Mark Bennett of Warren is president of the Green Mountain Region of the Automobile Club of America . He knows firsthand about the magical triumvirate of “antique,” “cars” and “Vermont.” His club, which has about 30 members, hosted the Vermont Tour, which took place on June 2-7. With the backing of the national organization, the Green Mountain group attracted 130 cars and 250 people. Some of the tourists trailered their precious cargo for thousands of miles — from as far as Wyoming and Oklahoma — so they could trade stories with like-minded souls on Vermont’s sparsely traveled two-laners.
What is it about polished and preened jalopies that drives people to distraction? “I have my theories, which may or may not be right,” answers Bennett, 59, who owns a 1960 Ford Thunderbird and a 1980 Porsche 911 Carrera. “There’s a certain creativity in older cars that causes excitement. They were designed by people, not computers, so they have a soul. The designers labored over them, starting with paper, then going to clay models. People are attracted to that, and it’s certainly true for me.”
The other force driving antique automobile enthusiasts is memory. Older cars (25 years is the threshold for an “antique”) are powerful visual reminders of who we used to be and how we used to live. “People are interested in the cars they grew up with,” Bennett says.

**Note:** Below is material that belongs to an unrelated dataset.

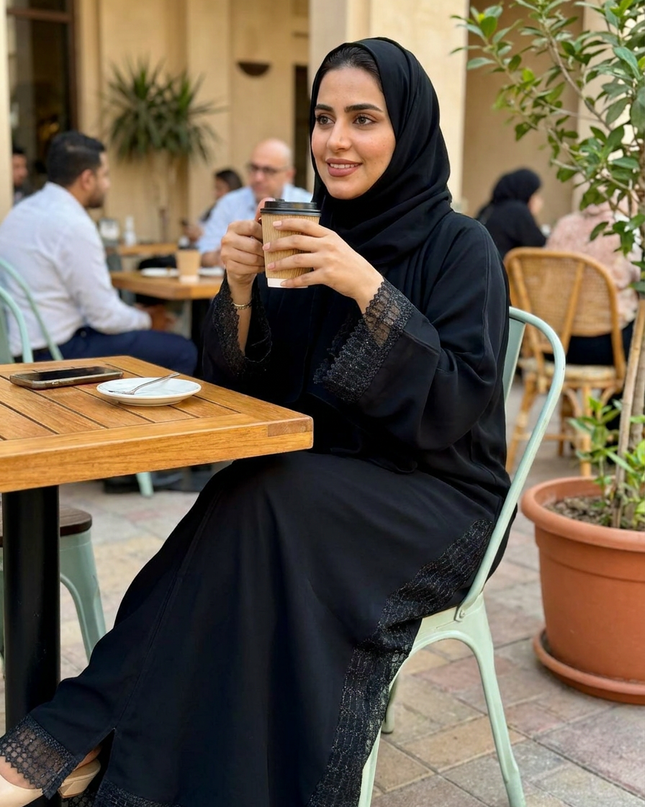 Elegant Black Abaya
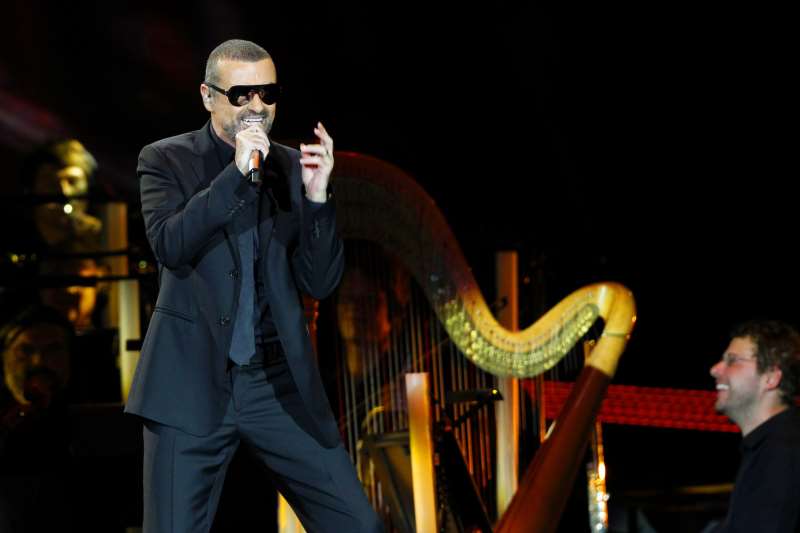 Cantor George Michael faleceu aos 53 anos, segundo jornais internacionais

To the many baby boomers who are collectors, that means the cars of the ’50s, ’60s and ’70s. For antique-auto apologists, cars with garish fins, whitewall tires and chubby fenders are as much technological way-stations as they are symbols of youth, innocence and vitality. To other, less romantic witnesses, the cars of yesteryear merely seem dangerous, noxious and inefficient.
So, have cars actually improved over time? “As far as being interesting and exciting,” Bennett confides, “no.” Those are strong words from the owner of a new car dealership — which he is. Mechanically speaking, however, he acknowledges that today’s cars are safer, more reliable, more efficient and better performing than their ancestors. A love for antique cars, then, is ultimately a choice of form over function, a surrender to that urge much maligned by enthusiasts of modern technology: nostalgia.

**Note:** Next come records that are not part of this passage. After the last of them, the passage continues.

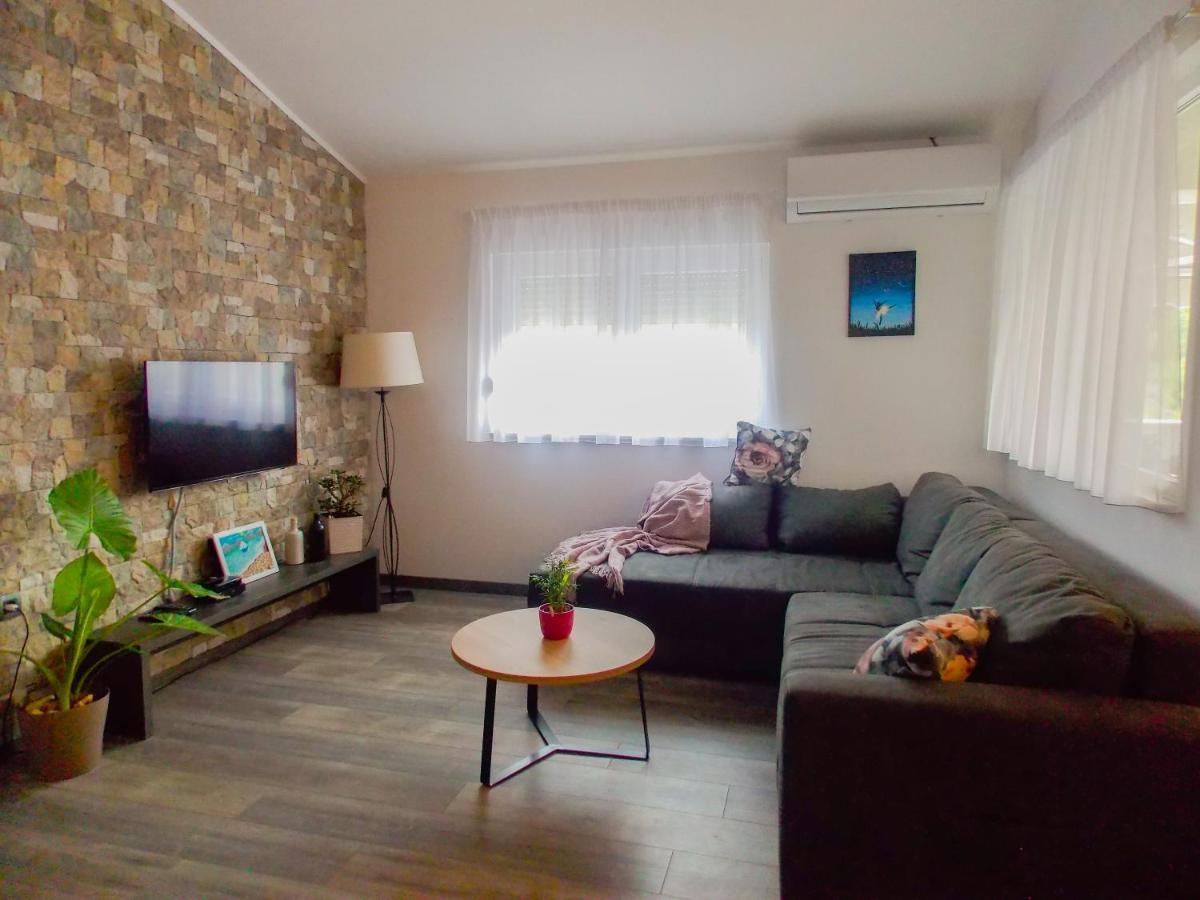 Apartman Bamboo Nin Esterno foto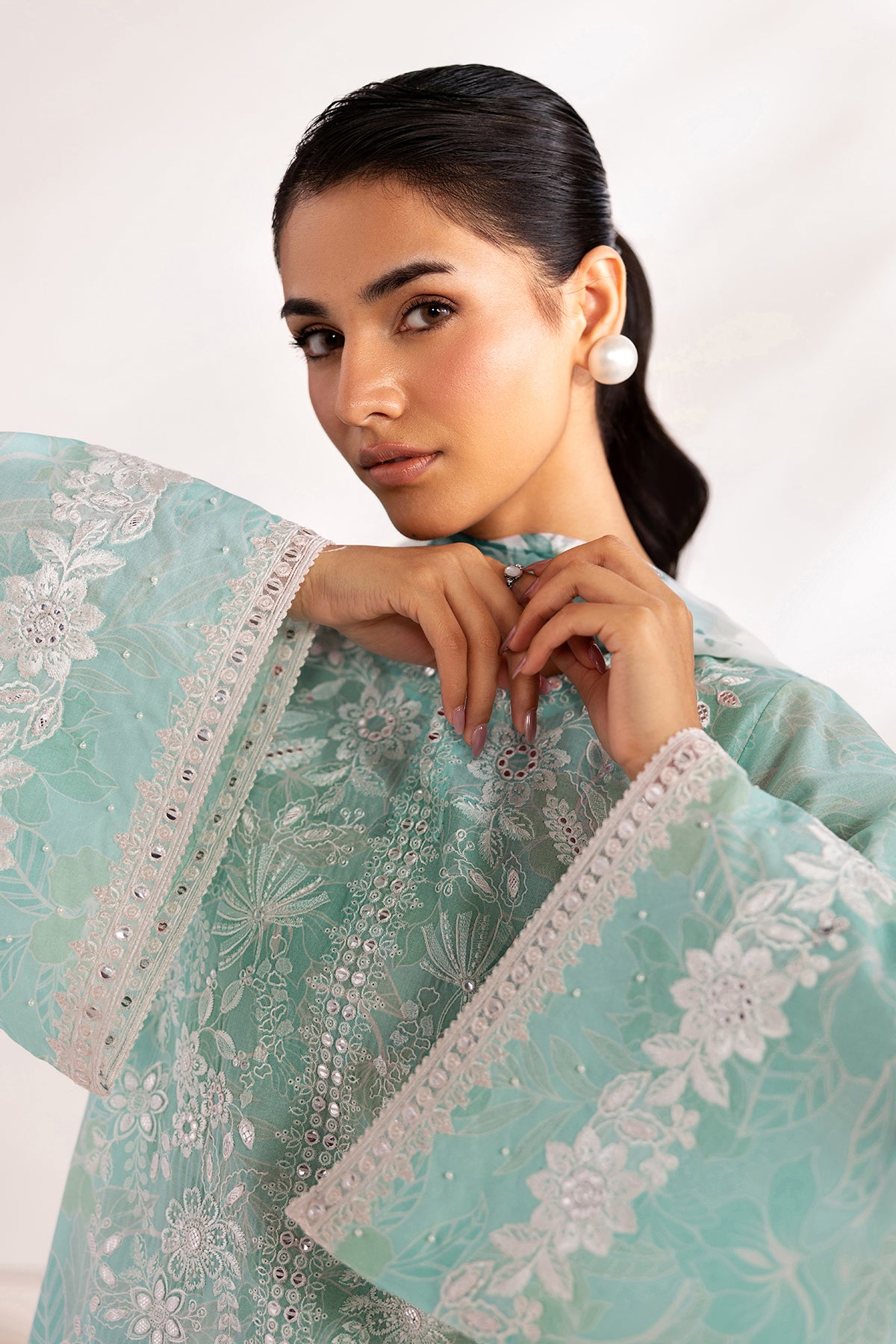 EMBROIDERED LAWN UF-4451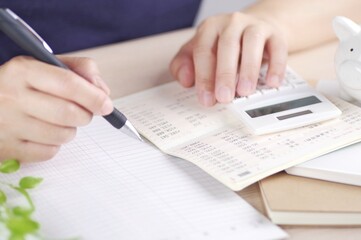お金の計算をする女性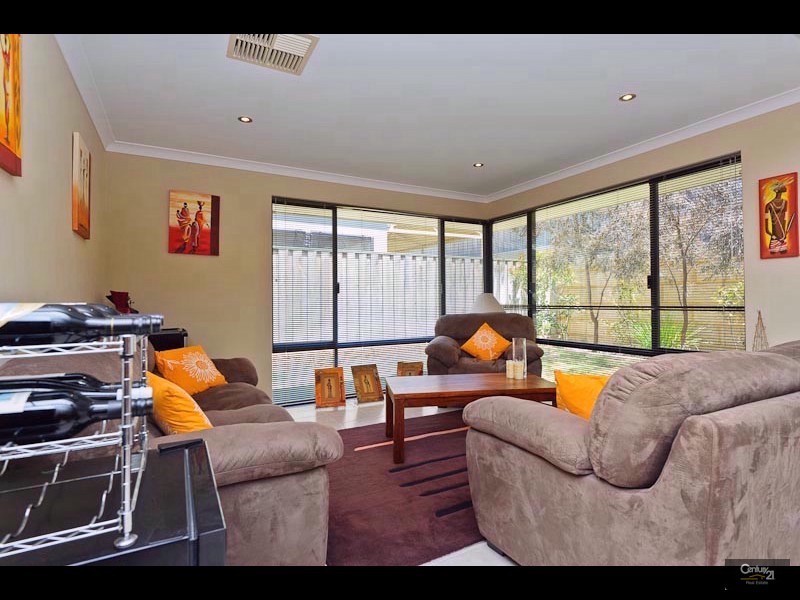 7 Acapulco Way, Quinns Rocks WA 6030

Don Bourdon doesn’t claim to be immune to nostalgia. But his affection for the Stanley Steamer is rooted in a rare case of stewardship. Bourdon’s father Paul, along with a friend, purchased a 1912 Stanley in 1930 for $20. A few months later, Paul offered to trade his friend’s share for a one-tube radio and a handblock plane. Guess who got the better deal? Bourdon worked on the car over the years and drove it to New York City for the 1939 World’s Fair. He made it back to Woodstock (260 miles) in one day, over a circuitous, unpaved route, and got hooked on the near-extinct external-combustion vehicle.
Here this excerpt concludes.